Here’s a truly ugly sketch of it….

 a Webpage by any other name...(even post or category)

2) In a typical blog construction with posts (errr…posts) you would not have near the interlinking that this blog has. This is because posts are typically arranged in a heirarchy (errr…categories–grin).

What interlinking does is SPREAD the link love between webpages and the only (errr…easiest) way for Google to decide which pages belong in the main index is how much respect they have on the web as expressed by link love (internal OR external).

The takeaway: When constructing a blog, set it up so that there is the maximum opportunity for interlinking to occur. Given the same amount of links from the outside, your posts and pages will get more exposure this way. It also provides your reader with easier navigation. Win-win.

Takeaway #2: Get links to pages either from external or internal sources to keep them in the main index.

Great job on the experiment guys. Please feel free to comment on this…

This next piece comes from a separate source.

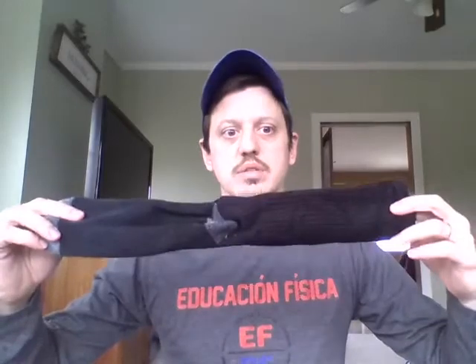Now I understand some of you don't have a ball, so what we want you to do is use a sock. Now you don't want to use a stinky old sock — you want to use one that's clean.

Roadmap to Profitable Blogging

August 29, 2007

I am a regular fan of many blogs that I am quite sure are popular (and profitable) for their owners. Many of these folks have converted their passion for writing into a full time  venture that pays them well, while others languish in the throes of Mt Dew, coffee and an upset spouse without making a dime. What is the difference between these people in my opinion?

A plan.

The profitable blogger is simply one who plans his or her moves carefully, works hard and builds an asset that compensates them for their time. Blogging (and especially business related blogging) should not be relegated to those who are passionate professionals, but professionals nonetheless.

Amateur: He who does not cover his costs and compensate himself for his time, no matter how accomplished he may be.

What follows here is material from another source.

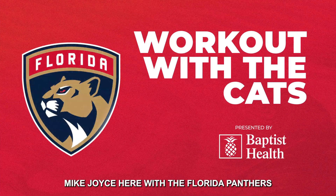Hey everyone, Mike Joyce here with the Florida Panthers, head strength and conditioning coach. We're here today for the Baptist Health Workouts. Let's get it going.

Professional: One who understands the business well enough to understand their worth and charge accordingly.

There was a rather lengthy and interesting debate on the Bloodhound blog recently about real estate bloggers and how they count their success. I would posit that the only way that you can fairly judge a blog or ANY form of promotional activity is the old fashioned way:

Revenue (Comminssions) – Expenses (including labor for your blogging time) = Profitability

If you are an expert and you blog to gain readership of your ideas and to promote your way of doing things, then the only way to measure the success of that is  in the numbers of converts created. True in evangelism. True in sales. True in life.

Hits. Schmidts.

Pageviews. Schmageviews.

As the song says. “It don’t mean nothing til you sign it on the dotted line…”

So you start by creating a plan. Plan the number of readers you want. Visualize them. Plan what it takes to provide them what they CRAVE. (Often it is something unique that they are not getting elsewhere) **cough** Solid, easily digested information **cough**

Look for ways to find partners in providing the info to your target audience. Complimentary industries are a GREAT source. Current vendors are good. Provide information and sale will follow. Do not provide a sales pitch and hope to convert many. People are not coming to see a sales pitch. They are coming for authoritative info.